- WHAT THE TASK ASKS -
Copy exactly the lines of the records below, and only those lines, beginning with the line that contains "Fragmented Microphone Capsule" and ending with the line that contains "Woven Wall Basket".

---*---

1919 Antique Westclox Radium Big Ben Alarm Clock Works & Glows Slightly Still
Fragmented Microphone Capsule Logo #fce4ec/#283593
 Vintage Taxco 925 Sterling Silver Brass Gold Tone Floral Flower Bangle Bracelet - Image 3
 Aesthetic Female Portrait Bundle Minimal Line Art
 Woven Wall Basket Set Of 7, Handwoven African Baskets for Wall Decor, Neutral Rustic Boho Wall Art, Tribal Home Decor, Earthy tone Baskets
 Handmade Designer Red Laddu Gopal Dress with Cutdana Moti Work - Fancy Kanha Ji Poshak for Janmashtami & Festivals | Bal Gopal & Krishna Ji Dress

---*---

- TASK RESULT -
Fragmented Microphone Capsule Logo #fce4ec/#283593
 Vintage Taxco 925 Sterling Silver Brass Gold Tone Floral Flower Bangle Bracelet - Image 3
 Aesthetic Female Portrait Bundle Minimal Line Art
 Woven Wall Basket Set Of 7, Handwoven African Baskets for Wall Decor, Neutral Rustic Boho Wall Art, Tribal Home Decor, Earthy tone Baskets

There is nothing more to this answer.